Bu camilerden bazıları tamamen yıkılırken, birçok cami de harabeye döndü. Kentteki birçok camide halen top mermilerinin izleri, tarihin kanlı dönemine ve İslam düşmanlığında sınır tanımayan işgalci ve sömürgeci Fransa'nın zulmüne şahitlik etmeye devam ediyor.

Şahinbey ilçesinin Şekeroğlu Mahallesinde bulunan ve yapılış tarihi kesin olarak bilinmemekle birlikte miladi 1500’lü yıllarda yapıldığı rivayet edilen Alaüddevle (Ali Dola) Camii, işgalci Fransızların zulüm dolu barbarlığına şahitlik eden tarihi mekânlardan sadece biri olarak biliniyor.

Kentin en eski camilerinden olan ve Kurtuluş Savaşında “Antep savunması"nın o dehşetli günlerinden kalan mermi ile şarapnel parçalarının izlerini taşıyan Alaüddevle (Ali Dola) Camii, işgalci ve sömürgeci Fransızların İslam düşmanlığına tanıklık ediyor.

Antep Savunması"nın o dehşetli günlerinden kalan mermi ve şarapnel parçalarının izlerini görmenin mümkün olduğu tarihi cami hakkında İLKHA muhabirine bilgi veren Alaüddevle (Ali Dola) Camii İmam Hatibi Ebubekir Yaman, kentteki birçok caminin halen Fransız zulmüne şahitlik ettiğine dikkat çekti.
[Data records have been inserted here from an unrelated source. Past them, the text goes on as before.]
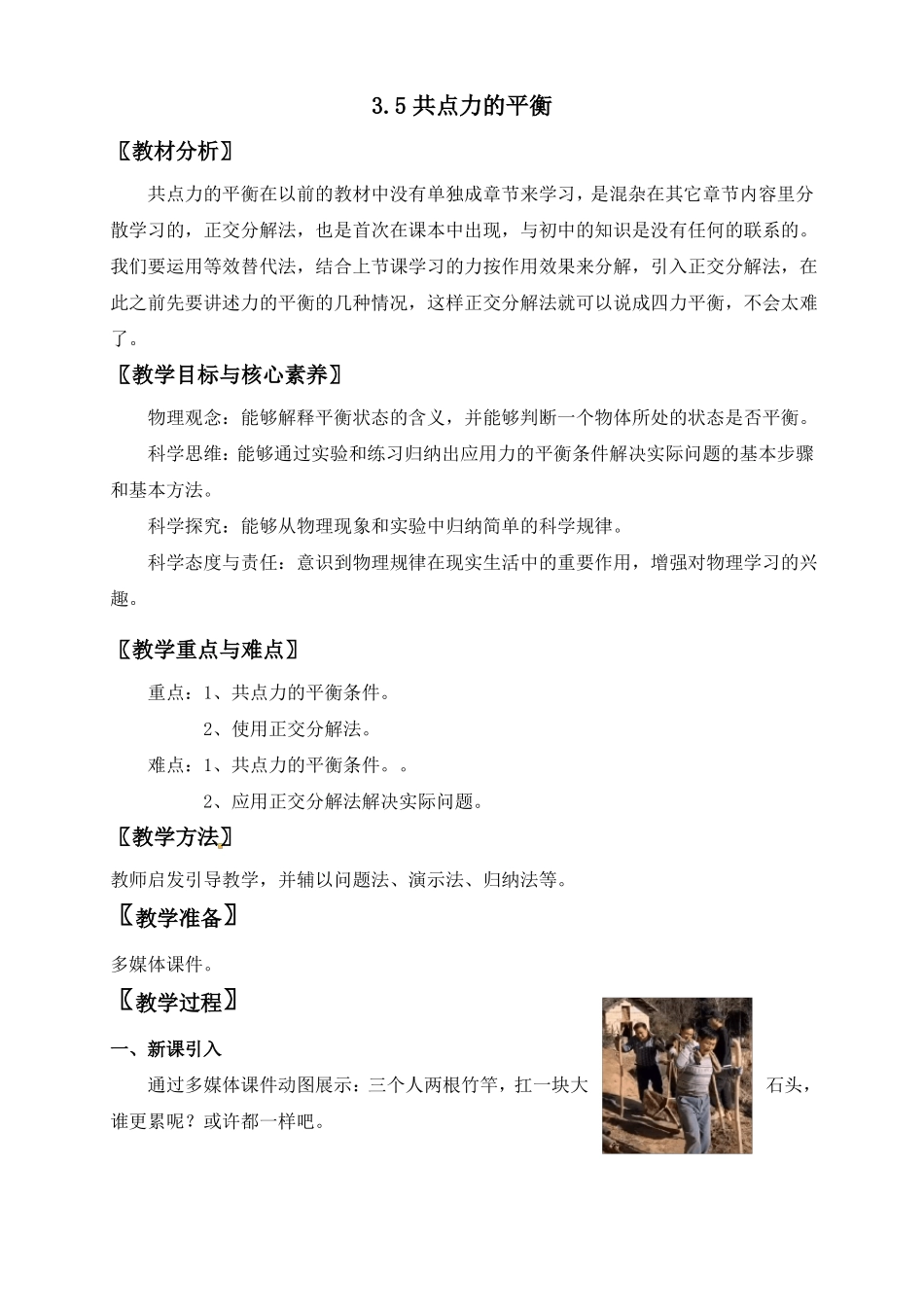 5共点力平衡—【新教材】人教版2019高中物理必修第一册教案_第1页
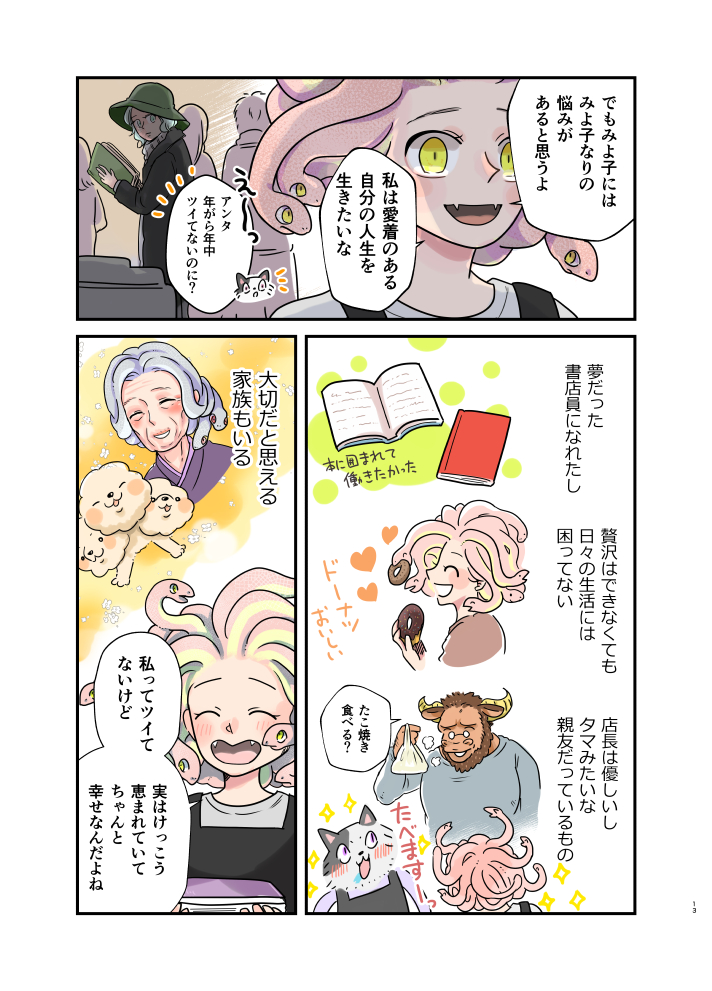 3 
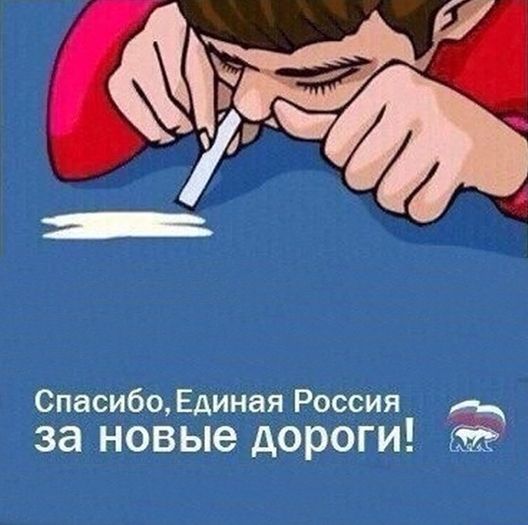 Полный отрыв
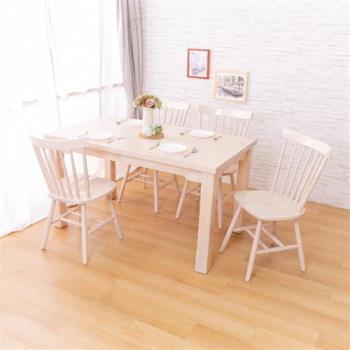【AS】卡蘿全實木洗白色餐桌+愛瑪洗白色餐椅(一桌四椅組合)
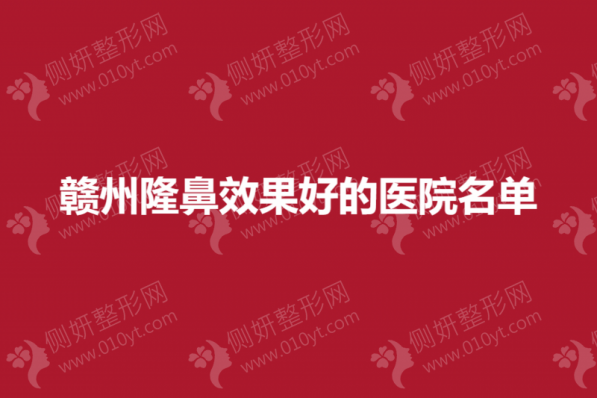 赣州隆鼻效果好的医院推荐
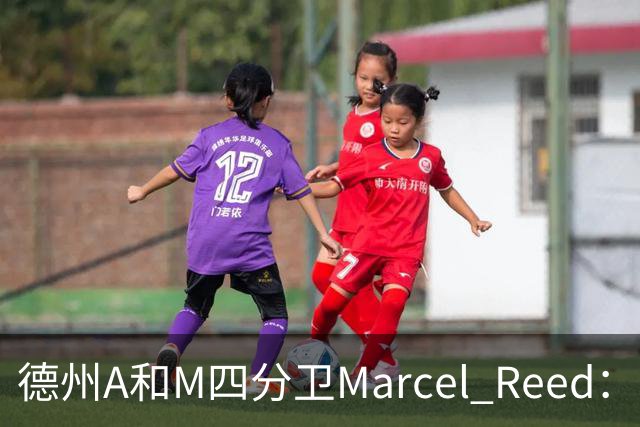 德州A&M四分卫Marcel Reed：我把10号球衣给梅西，换回签名足球，“可能很值钱”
“Fransa'nın bu tutumunu lanetliyoruz”

Fransa ve Macron’un “düşünce ve ifade özgürlüğü” adı altında İslam’a yönelik saldırılarını kınadığını belirten Yaman, “Allah-u Teala Kur'an-ı Kerim'de, ‘siz onlar gibi olmadıkça onlar sizleri asla sevmezler’ buyurmaktadır. Son zamanlarda Peygamber Efendimize, Müslümanların inançlarına hakaret etmeyi kendisinde ‘fikir özgürlüğü’ adı altında yapmayı görebilen Fransa, aslında çok değil bundan daha 100 yıl önce ‘Antep Savunması’nda Antep'in çeşitli camilerinde olduğu gibi camimize de saldırarak aslında İslam'ın temsil ettiği değerlere nasıl hakaret edildiğini görebiliyoruz. İslam düşmanlığının Fransa'nın geçmişinde var olduğunu, bugün de bunu devam ettirdiğinin en açık göstergesidir. Hem 100 yıl önce hem de daha öncesinde ve bugünlerde Fransa İslam'a olan düşmanlığını açık tutmaktadır. Bizler de bu manada Fransa'nın bu tutumunu lanetliyoruz, bir an önce yaptığı bu yanlıştan dönmesini kendilerine şiddetle tavsiye ediyoruz. Aksi takdirde tüm İslam âleminin ve Müslümanları da karşılarına aldıklarını unutmamaları gerekmektedir.” dedi.

“Camimiz Fransa’nın zulmüne şahitlik yapmaktadır”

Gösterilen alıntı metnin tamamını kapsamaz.